Skip to contents

High-Performance Stemmer, Tokenizer, and Spell Checker for R

Project Status: Active – The project has reached a stable, usable state and is being actively developed. CRAN_Status_Badge CRAN RStudio mirror downloads

Low level spell checker and morphological analyzer based on the famous hunspell library https://hunspell.github.io. The package can analyze or check individual words as well as tokenize text, latex, html or xml documents.

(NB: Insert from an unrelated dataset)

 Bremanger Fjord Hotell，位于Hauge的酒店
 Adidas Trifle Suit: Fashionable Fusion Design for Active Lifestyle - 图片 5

For a more user-friendly interface use the ‘spelling’ package which builds on this package with utilities to automate checking of files, documentation and vignettes in all common formats.

Installation

This package includes a bundled version of libhunspell and no longer depends on external system libraries:

install.packages("hunspell")

Documentation

About the R package: - Blog post: Hunspell: Spell Checker and Text Parser for R - Blog post: Stemming and Spell Checking in R

Hello World

# Check individual words
words <- c("beer", "wiskey", "wine")
correct <- hunspell_check(words)
print(correct)

# Find suggestions for incorrect words
hunspell_suggest(words[!correct])

# Extract incorrect from a piece of text
bad <- hunspell("spell checkers are not neccessairy for langauge ninja's")
print(bad[[1]])
hunspell_suggest(bad[[1]])

# Stemming
words <- c("love", "loving", "lovingly", "loved", "lover", "lovely", "love")
hunspell_stem(words)
hunspell_analyze(words)

The spelling package uses this package to spell R package documentation:

# Spell check a package
library(spelling)
spell_check_package("~/mypackage")